CLocalHeap Win32 API である LocalAlloc、LocalFree、および LocalRealloc をラップします。
CGlobalHeap** **Win32 API である GlobalAlloc、GlobalFree、GlobalRealloc をラップします。
CComHeap COM Task Allocator API である CoTaskMemAlloc、CoTaskMemFree、および CoTaskMemRealloc をラップします。
CWin32Heap を使用すると複数の独立したヒープを作成できるため、このクラスは文字列のメモリ管理の目的で最も有用なクラスです。たとえば、文字列だけに別のヒープを使用する場合は、次のように指定します。

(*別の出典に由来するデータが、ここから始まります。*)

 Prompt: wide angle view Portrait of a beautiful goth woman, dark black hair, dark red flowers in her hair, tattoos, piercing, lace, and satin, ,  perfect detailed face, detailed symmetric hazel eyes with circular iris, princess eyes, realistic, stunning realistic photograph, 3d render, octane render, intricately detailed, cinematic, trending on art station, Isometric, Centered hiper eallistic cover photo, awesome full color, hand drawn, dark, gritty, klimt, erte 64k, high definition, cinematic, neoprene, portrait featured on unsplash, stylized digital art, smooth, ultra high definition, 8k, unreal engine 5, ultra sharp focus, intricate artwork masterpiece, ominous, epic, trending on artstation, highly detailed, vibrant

// Declare a thread-safe, growable, private heap with initial size 0:
CWin32Heap g_stringHeap(0, 0, 0);
// Declare a string manager that uses the private heap:
CAtlStringMgr g_stringMgr(&g_stringHeap);
このプライベート文字列マネージャを使用して CString 変数のメモリを管理するには、CString 変数のコンストラクタのパラメータとしてマネージャへのポインタを渡します。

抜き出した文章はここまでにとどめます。